CJP students have been busy advocating in front of the D.C. City Council:
CJP students Meghan Morris and Stephanie Redfield testified at the D.C. City Council Oversight Hearing on the D.C. Department of Employment Services to advocate for more efficient and accurate handling of unemployment insurance claims for D.C. residents.
CJP students Rachel Shapiro and Emily Tatro testified at the D.C. City Council Public Hearing on the Committee on the Judiciary and Public Safety as part of their work with The Office on Returning Citizen Affairs.
The Community Justice Project is a clinic at Georgetown Law where students represent individual clients and act as advocates for community, non-profit, educational, faith-based and other organizations and groups.
We are currently accepting requests from community, non-profit, educational, faith-based, and other organizations and groups for projects to be completed in the 2013-14 academic year. This round of projects by students will be completed either September-December 2013 or January-April 2014. As we take referrals directly from the court, we do not directly accept individual direct representation clients.

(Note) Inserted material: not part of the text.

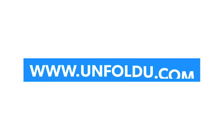If you like this video, please like, share, and subscribe to our YouTube channel. For more details, visit www.unfoldu.com.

Our students serve as advocates, consultants, advisors, capacity-builders, strategic planners, policy analysts and community organizers to help clients tackle complex, high priority projects.
The Community Justice Project teaches students about the commitment that will sustain and energize them as advocates, the tactics that can produce success in particular cases, and the strategies that look to long-term (perhaps very long-term) success and participation in a protracted struggle for justice.